A Model for Integrating Elementary Neural Functions into Delayed-Response Behavior
Figure 3
Dynamics of Task, Reset, and Gating Units
The complex overall activity of the network is directed by the coordinated binary firing (either “on” or “off”) of control units, each implementing a basic function: gatings regulate the upward and downward flow of information, resets bring processors back to a null state of activity, and the task units prime activity in layer P. The units' firing patterns are grouped in three sets, each corresponding to a different task: one for fixation trials (A), one for DMS trials (B), and one for DPA trials (C). These firing patterns specify the neural computations performed by the network to pass each task. Note that task parameters and notations are as in Figure 1, and that the activity of each control unit during the response period (which is not shown here for clarity) is identical to that during the choice period. Control unit notations are as in Figure 2.
(A) The fixation task only requires that the network observes the sample image presented at the beginning of each trial. To do this, the network first clears from its WM and P layers any activity left over from the preceding trial, and then allows visual information from the presented sample to rise into these layers.

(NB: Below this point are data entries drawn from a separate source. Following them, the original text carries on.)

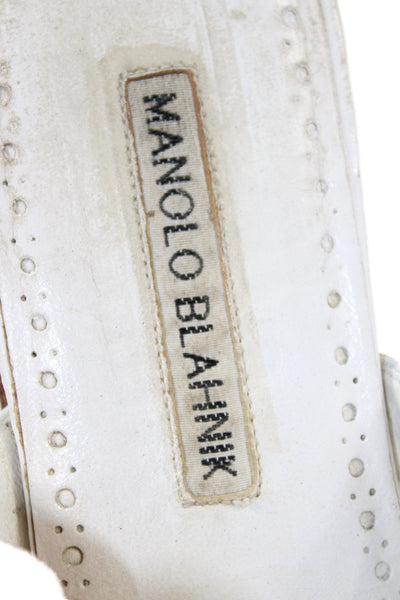 Manolo Blahnik Womens Leather Strappy Thong Sandals White Size 35.5 5.5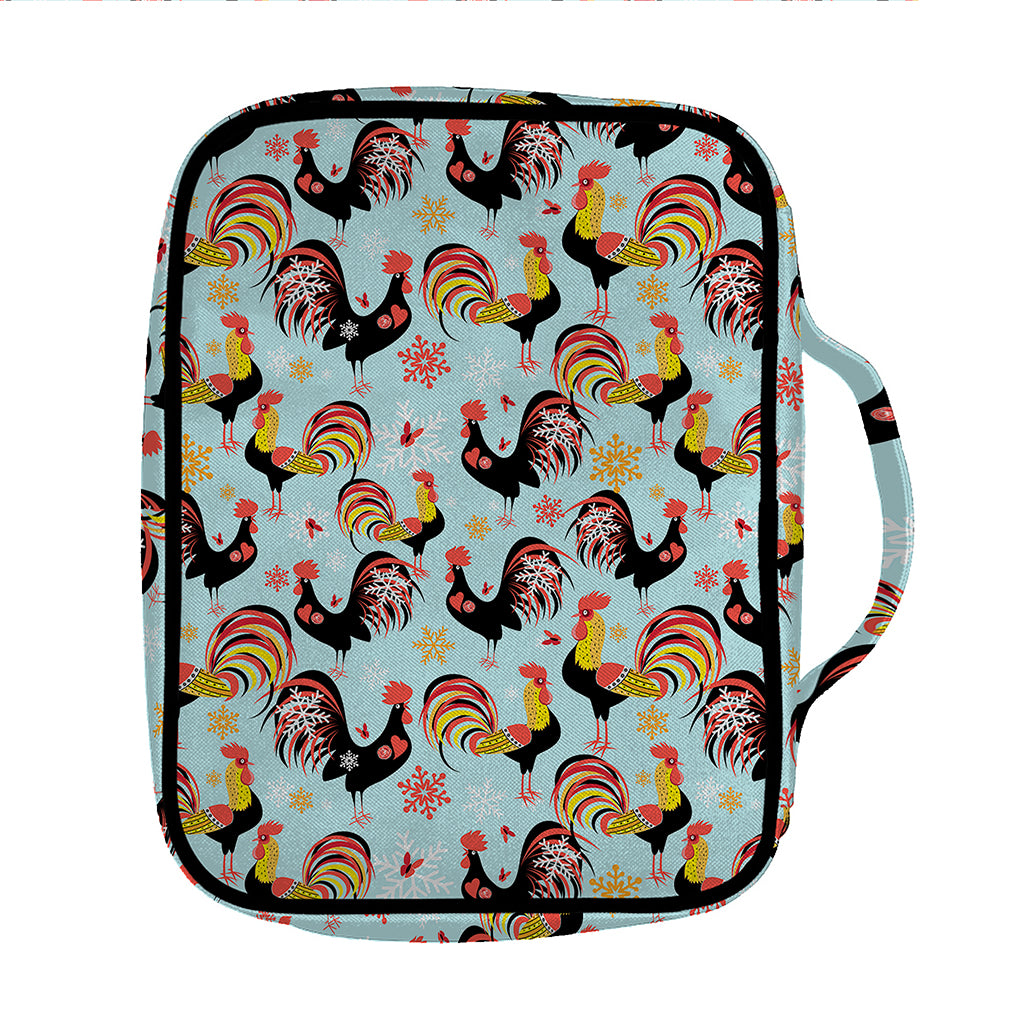 Rooster And Snowflake Pattern Print Front Pocket Bible Bag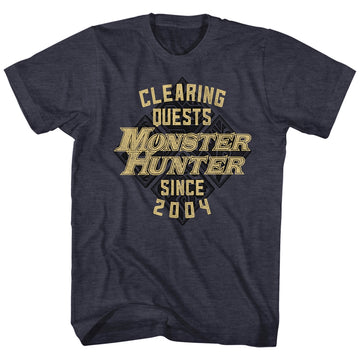 Monster Hunter Mens S/S T-Shirt - Mh Since04 - Heather Navy Heather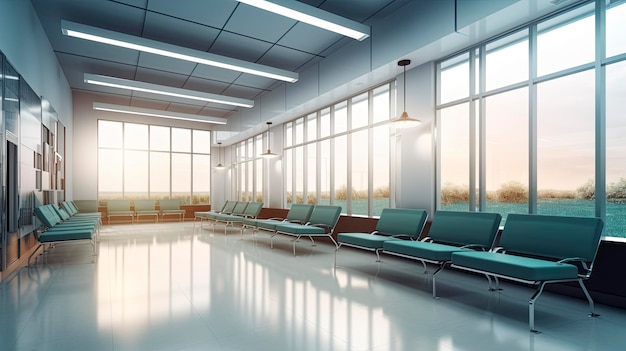 Una sala de espera en el aeropuerto con una ventana con vista a la ciudad.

(B) The DMS task generalizes the fixation task, requiring that the network retains the observed sample image during a delay to then match it against target and distractor images during the choice period. These operations are implemented by the above additional activities in the firing patterns of gatings Id, Gu, and Gd (see “Analysis of MDR Task Performance” for details).
(C) The DPA task is identical to DMS except that the network needs to retrieve during subdelays d2 and d3 the image associated with the sample. This recall process is implemented during these periods by additional activities for gatings Iu and Id, and the reset WM unit (see “Analysis of MDR Task Performance” for details).